Kitabın üçüncü bölümü “Sinciang'ın Eyalet Sistemi ile Yönetilmesi” adını taşıyor ve 18. yüzyılın ikinci yarısından yani Qing Hanedanı’nın Çin İmparatorluğu’nun yönetimine geçmesinden 20. yüzyılın ortalarına, halkın Çin Komünist Partisi önderliğinde Japon işgaline karşı verdiği savaşa kadar olan tarihi gelişmeler anlatılıyor bu bölümde. İç karışıklıklara son vermek amacıyla önce askeri yönetimin kurulması ve il-ilçe sistemine geçilmesi, istikrarın sağlanmasından sonra askeri yönetimin yerini sivil yönetime terk etmesi ve bunların sonunda yaşanan refah dönemi bu bölümün ilk alt başlıklarını oluşturuyor. Yazar, “19. yüzyılın ilk yarısına gelindiğinde, dış ortamın değişmesi ve bölgedeki iç toplumsal sorunların artması nedeniyle Sinciang, gittikçe şiddetlenen çalkantılar içine sürüklendi” diyerek kitabın ilerleyen bölümlerinde anlatılacaklara sert bir pas atıyor.

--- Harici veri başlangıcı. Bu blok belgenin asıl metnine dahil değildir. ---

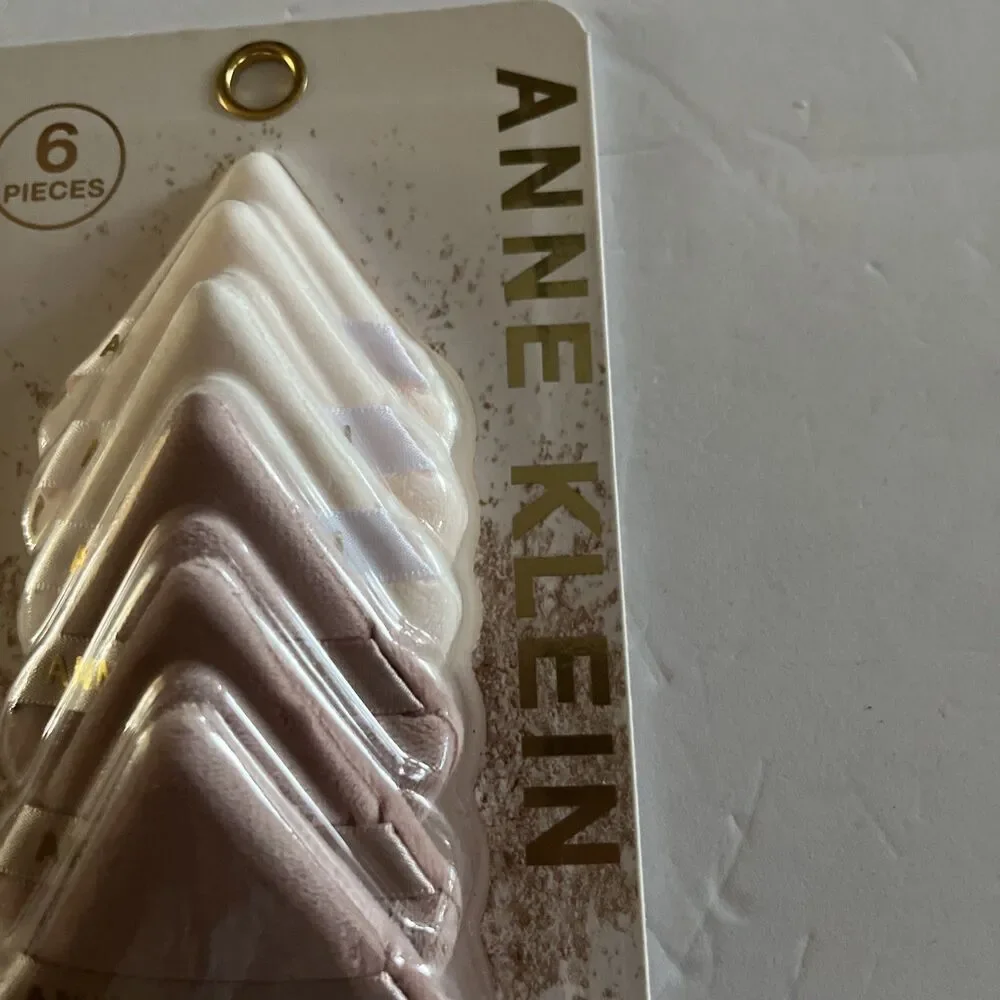 Anne Klein 6 Pc powder puff triangle beauty sponge Beige And Brown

Emperyalizmin ve Dini Gericiliğin Uygurları Kullanması
Kitap, Sinciang’da, 19. yüzyılın ikinci yarısında yaşanan geniş çapta isyanları her yönüyle ele alıyor. Kitapta bu isyanların sonucu gerici feodal kölelik sistemine ağır darbe vurulduğu ve toplumsal gelişim hızlandığı anlatılırken; “Genellikle halkın kendiliğinden başlattığı, birleşik bir komuta ve ciddi bir örgütlenmeden yoksun olan, üstelik dini ve etnik önyargıların etkisinde kalan bu isyanlar, kısa süre sonra feodal ağalar ve bazı dini liderlerin aleti durumuna düştü, isyanların amacı ve niteliği de hızla değişti” diyen Li Sheng bundan sonra yaşanacak olan büyük kıyımların da haberini veriyor. Bu bölümde yaşanan iç çatışmalarda dinin etkisini görmeye başlıyoruz. İktidar mücadelesinin İslamiyet bayrağının arkasına gizlenmesi bin yıllardır beraber yaşayan Sinciang'daki her etnik gruptan halka nasıl büyük acı çektiriyor, bu bölümde öğreniyoruz. Zayıflayan Sinciang’ın Çarlık Rusya’sı, İngiltere ve Fransa’nın iştahını kabartması da yine bu bölümün başlıca konuları arasında yer alıyor. Büyük mücadeleler ve emperyalist devletlerin aralarındaki çekişmeler sonucunda 19. yüzyılın sonlarına doğru Qing Hanedanı yeniden Sinciang’ı kontrolü altına alıyor ve ilk kez “eyalet sistemi”ni kuruyor. Bölüm, eyalet sisteminin kuruluşu ve ekonominin canlandırılması için tarım, ticaret, madencilik, haberleşme alanlarında yapılan yatırımların anlatılmasıyla devam ediyor. Ancak Sinciang’da sular bir türlü durulmuyor ve bu kez da askeri diktatörlükle sonuçlanacak bir sürece giriliyor. Diktatörlük, halkı kontrol edebilmek için dine sarılıyor ve durum yine kontrolden çıkıyor. 1930’lara gelindiğinde bir yandan SSCB Sinciang’la yakından ilgilenmeye başlarken diğer yandan Çin Komünist Partisi (ÇKP) de bu bölgede örgütlenme çalışmalarına ağırlık vermeye başlıyor. Kitabın bu bölümü ÇKP’nin bütün etnik azınlıklardan halkı bir arada örgütlemesi ve Japon işgaline karşı verilen mücadelede ön saflardaki yerinin anlatılmasıyla son buluyor.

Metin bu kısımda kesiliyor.